Thanks for a poem 'just for me'  

SmittenKitten
Senior Member
since 2001-06-20
Posts 1131
where the sky and horizon meet
8 posted 2001-09-01 01:05 PM


beautiful are songs
sung brightly in early morn'
nature truly shines


Since we're all learning here, I've got a question for ya too Virginia!    Can you actually refer to nature as I just did in a haiku?  

I enjoyed your beautiful haiku and the images it stirred up in my mind    thanks for the inspiration as well!

Hugs and such,
~Krista  

"Poetry and Hums aren't things which you get, they're things which get you.
And all you can do is to go where they can find you."
~Winnie the Pooh

VAS
Member Rara Avis
since 2000-11-16
Posts 7450
Oregon
9 posted 2001-09-01 01:22 PM


I don't know what to say here, SmittenKitten, to your question, but I enjoyed the piece.  I'm wondering if one needs to say what is singing so it is indeed a 'concrete' poem and not abstract or metaphorical.

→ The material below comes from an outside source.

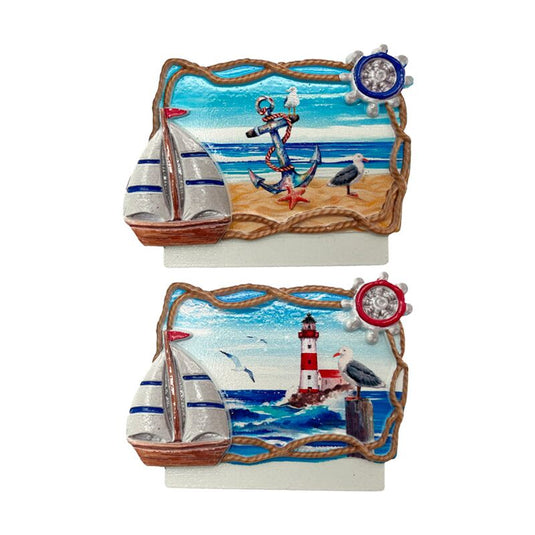 Strand zee magneet touwframe-vormig anker vuurtoren
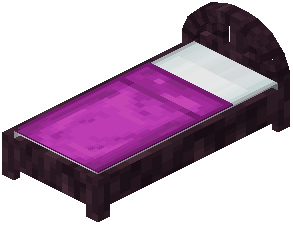 Cherry Magenta Wood Bed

I think since you don't say 'morning' is singing, that then it is not metaphorical. However, I don't feel I can give you a definitive answer on that. I know someone who can, though.

If you would like to join an online class, that is FREE, let me know. We are in our first week so it would be easy to catch up. If so, I could alert the instructor to your interest.


SmittenKitten
Senior Member
since 2001-06-20
Posts 1131
where the sky and horizon meet
10 posted 2001-09-01 01:30 PM


My response to your response started to get a little long so I'll email it to you =)  

Thanks!
~Krista  

"Poetry and Hums aren't things which you get, they're things which get you.
And all you can do is to go where they can find you."